══ MATERIAL TO PROCESS ══

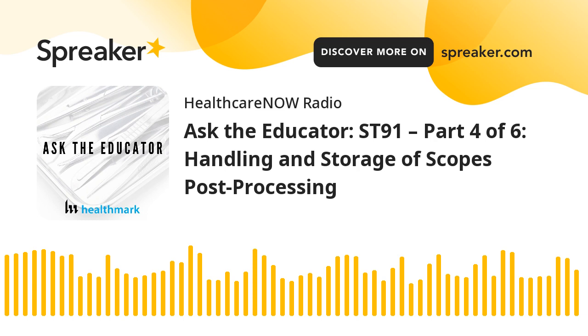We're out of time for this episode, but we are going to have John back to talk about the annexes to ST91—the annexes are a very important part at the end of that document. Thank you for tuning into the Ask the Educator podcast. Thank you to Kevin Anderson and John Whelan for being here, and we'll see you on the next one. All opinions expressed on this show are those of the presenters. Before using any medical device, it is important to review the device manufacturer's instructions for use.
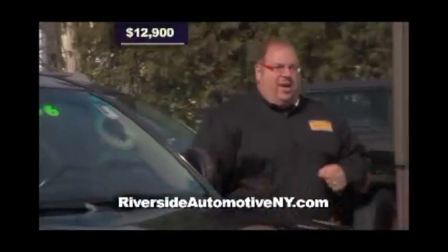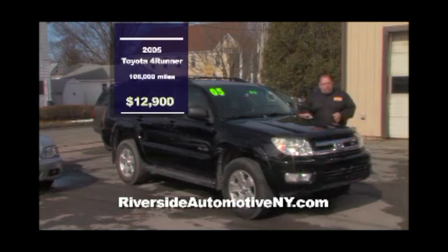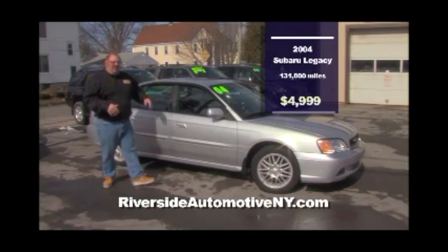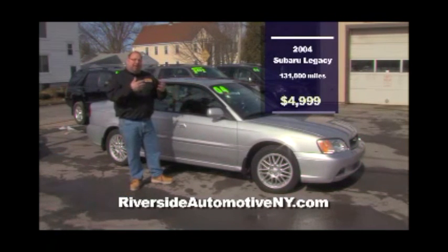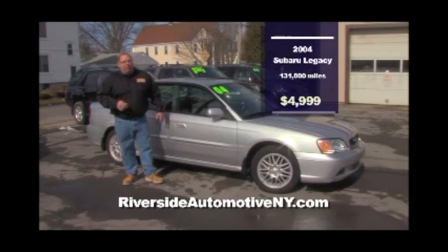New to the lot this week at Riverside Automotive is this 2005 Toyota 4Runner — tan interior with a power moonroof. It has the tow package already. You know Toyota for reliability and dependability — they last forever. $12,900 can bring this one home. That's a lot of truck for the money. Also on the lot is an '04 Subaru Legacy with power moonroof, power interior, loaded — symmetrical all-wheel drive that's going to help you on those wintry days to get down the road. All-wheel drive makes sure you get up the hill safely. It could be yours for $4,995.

═══
══ MATERIAL TO PROCESS ══

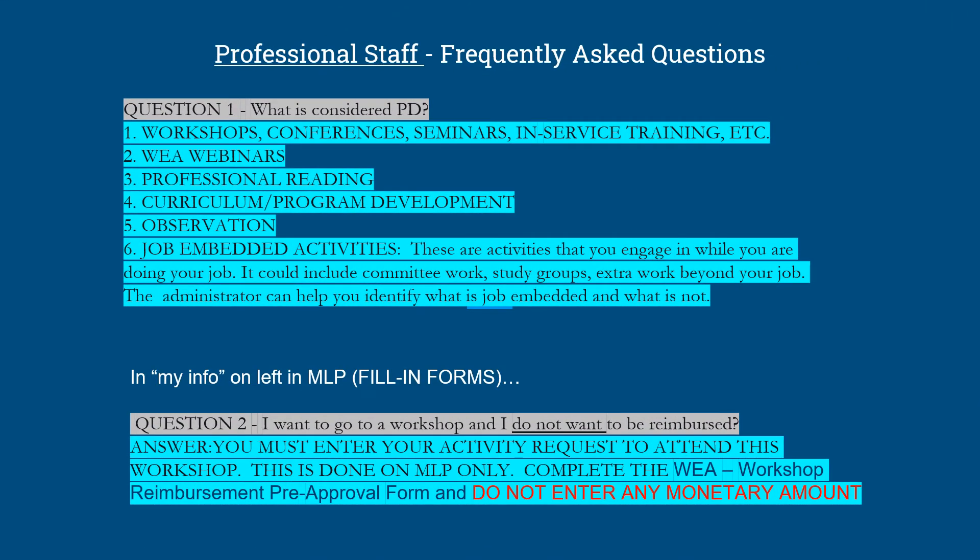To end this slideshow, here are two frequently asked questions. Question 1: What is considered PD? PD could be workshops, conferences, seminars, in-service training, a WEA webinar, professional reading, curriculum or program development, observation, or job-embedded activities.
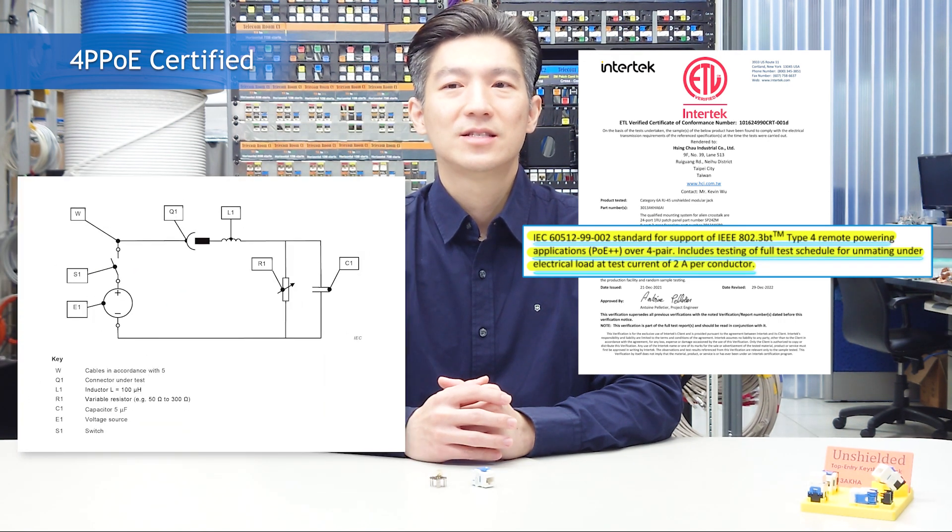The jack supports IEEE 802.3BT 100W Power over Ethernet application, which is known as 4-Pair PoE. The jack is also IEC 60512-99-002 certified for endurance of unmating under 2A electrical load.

═══
══ MATERIAL TO PROCESS ══

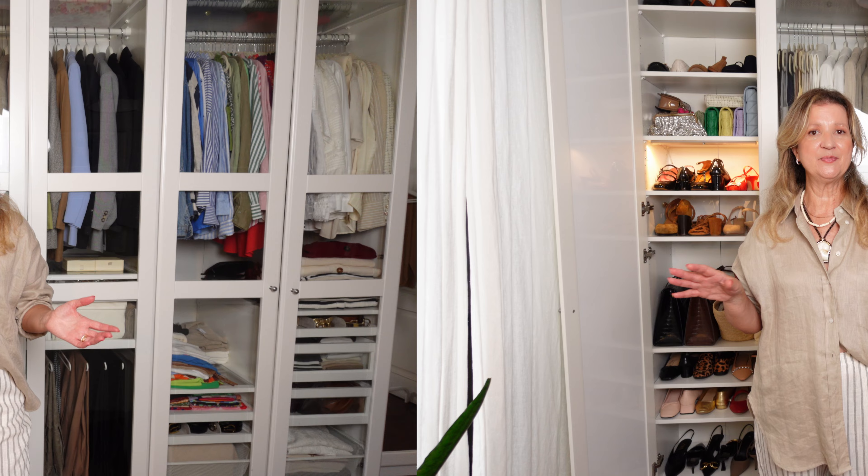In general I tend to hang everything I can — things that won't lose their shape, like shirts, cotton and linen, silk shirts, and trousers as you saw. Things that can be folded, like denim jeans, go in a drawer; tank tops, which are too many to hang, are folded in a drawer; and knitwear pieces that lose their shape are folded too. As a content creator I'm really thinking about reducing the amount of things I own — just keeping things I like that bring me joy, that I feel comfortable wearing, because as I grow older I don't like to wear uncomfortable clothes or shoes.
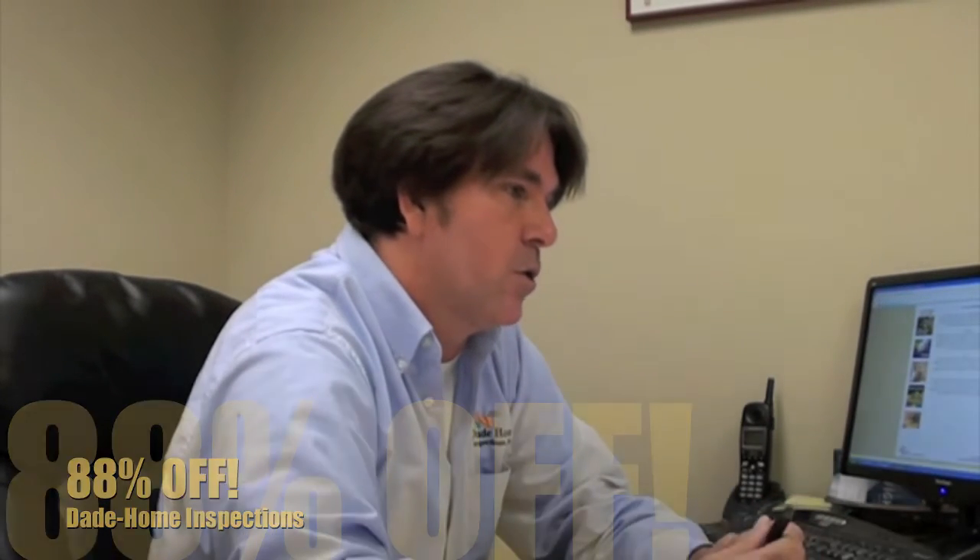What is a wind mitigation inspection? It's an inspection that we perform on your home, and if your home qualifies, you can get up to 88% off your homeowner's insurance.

═══

▶ WHAT IS BEING ASKED
Copy word for word the lines of the records above from the one with "To end this" up to and including the one with "The jack supports". Skip the pictures.

▶ TASK RESULT
To end this slideshow, here are two frequently asked questions. Question 1: What is considered PD? PD could be workshops, conferences, seminars, in-service training, a WEA webinar, professional reading, curriculum or program development, observation, or job-embedded activities.
The jack supports IEEE 802.3BT 100W Power over Ethernet application, which is known as 4-Pair PoE. The jack is also IEC 60512-99-002 certified for endurance of unmating under 2A electrical load.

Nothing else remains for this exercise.